- What you should do:
Please print exactly the lines from the line containing "Mycelium Driveway Repair Oxnard - California" through the end of the data, no more, and keep pictures out of the copy.

- Data block:
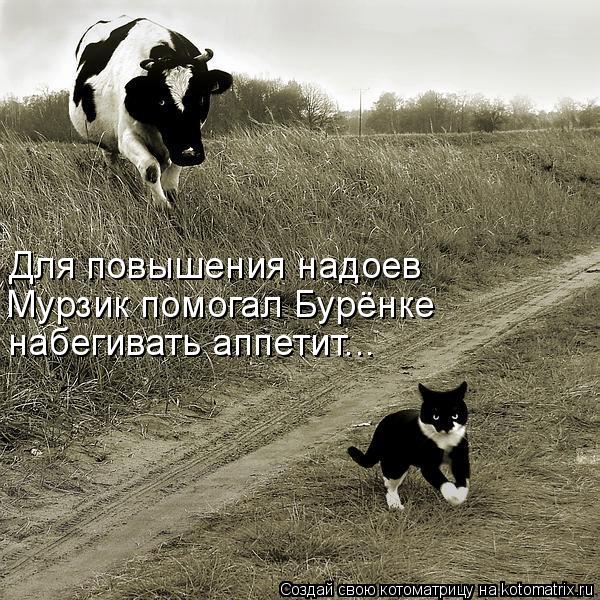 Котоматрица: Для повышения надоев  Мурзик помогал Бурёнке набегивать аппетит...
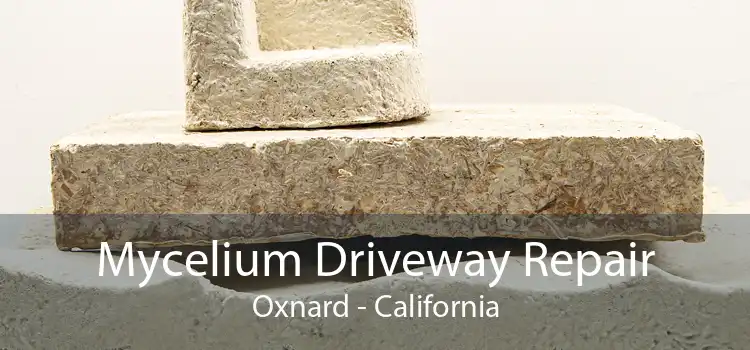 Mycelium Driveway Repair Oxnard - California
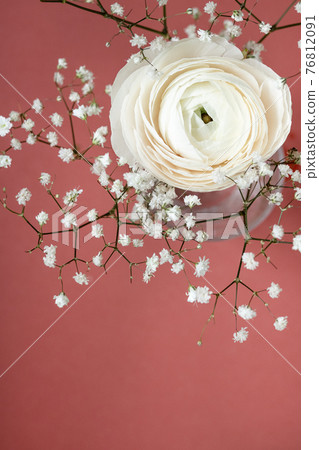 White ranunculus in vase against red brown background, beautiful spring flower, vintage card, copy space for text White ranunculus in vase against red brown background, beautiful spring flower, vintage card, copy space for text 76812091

- Solved problem:
 Mycelium Driveway Repair Oxnard - California
 White ranunculus in vase against red brown background, beautiful spring flower, vintage card, copy space for text White ranunculus in vase against red brown background, beautiful spring flower, vintage card, copy space for text 76812091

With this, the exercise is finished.